Indianapolis Public Schools is committed to dramatically improvingstudent outcomes. We are thoughtfully convening important community conversations about upcoming decisions on grade configuration and desired school models. Together, we will collaborate to increase high quality academic options one step at a time.


As national and local conversations on the end of desegregation in schools continue, accusations have surfaced about the state of racial equity in IPS. Earlier this month, an article in The Indianapolis Star claimed IPS is enacting a “plan” to retain wealthy and white families in our district by increasing racial inequity in some of our schools. 


In response to the assertions, IPS Superintendent Dr. Lewis D. Ferebee and Board President Mary Ann Sullivan assured our community that “there is absolutely no ‘plan’ to keep affluent or white families in our district. Our flexible strategic planning model is designed to help us meet our community’s specialized demands.” In alignment with our Board’s Core Commitments and Beliefs, the IPS leadership team is focused on the swift and successful improvement of chronically low-performing schools to ensure every student in every neighborhood in our district has access to a thriving school.


The Star’s article elevated an IPS choice (magnet) school as “ a rare haven of excellence carved out primarily to attract the children of white, wealthy families.” This is concerning. “In this open conversation on race and socioeconomic status,” said Ferebee and Sullivan, “we must continue to educate those who believe “white” and “wealthy” are synonymous and “black” and “poor” are interchangeable.”


We are aggressively working to improve achievement at our schools that are struggling. Traditional neighborhood schools serve as centerpieces to our community and are just as vital as our choice schools. A choice program is not a fix-all for a low-performing school; it is our responsibility – one we greatly value – to partner with our families and neighbors to find the best solutions for each unique school community.
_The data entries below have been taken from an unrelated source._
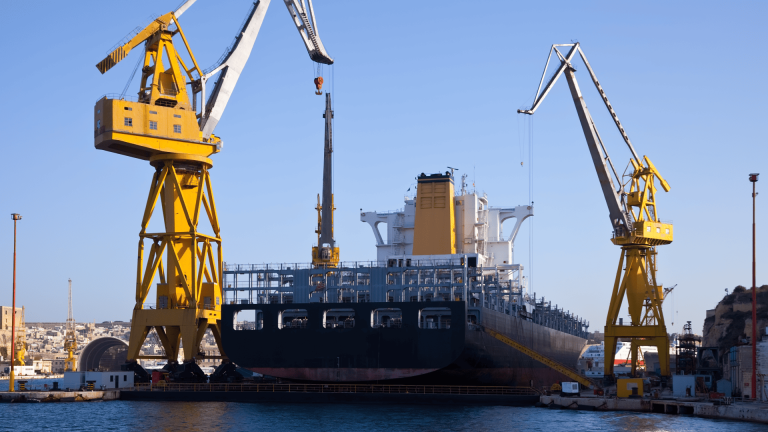 Um grande navio de carga atracado em um estaleiro sob um céu azul claro, ladeado por dois massivos guindastes amarelos, representando a infraestrutura de ancoragem industrial em operações portuárias de grande escala.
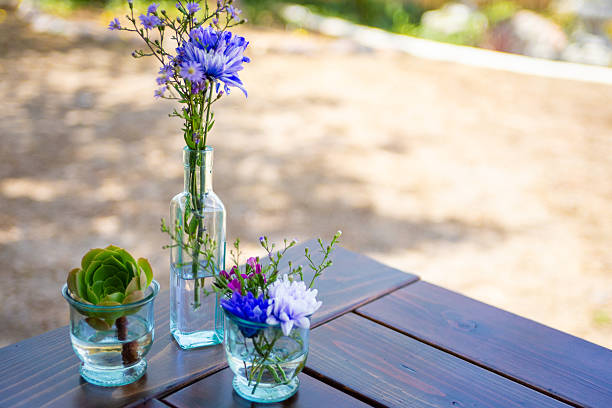 Simple Floral Center Pieces on a table out side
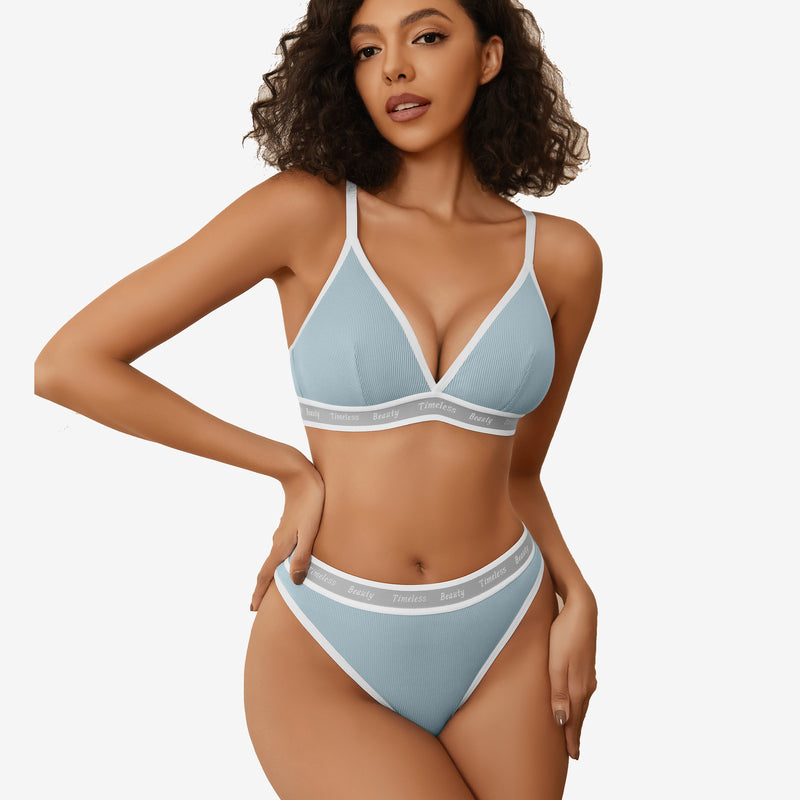 Light blue ribbed knit lingerie set with "Timeless Beauty" print and white trim.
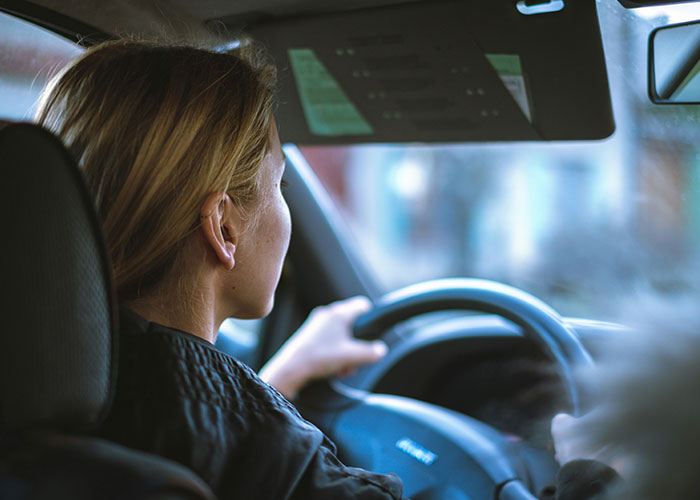Woman battling cancer driving a car, seeking help while dealing with critical family challenges and misunderstandings. Woman battling cancer driving a car, seeking help while dealing with critical family challenges and misunderstandings.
Thirty-four IPS schools earned an A, B or C grade in 2015; nearly half of them are traditional neighborhood schools. Additionally, 79 percent of these schools have predominantly minority enrollment. Nine of these 34 schools were previously low-performing. While we’re proud of this notable progress, we know there is still significant work needed to increase high-quality options for all students.


Often, the conversation on school improvement highlights economic disparity among zip codes. “Inequities in wealth among neighborhoods can be alleviated through continued and strategic collaboration between IPS and the greater community, said Dr. Ferebee and President Sullivan.” They listed among the district’s top priorities a commitment to “being open to innovation, soliciting the input of our community, and leaving no neighborhood without a quality IPS option for families.”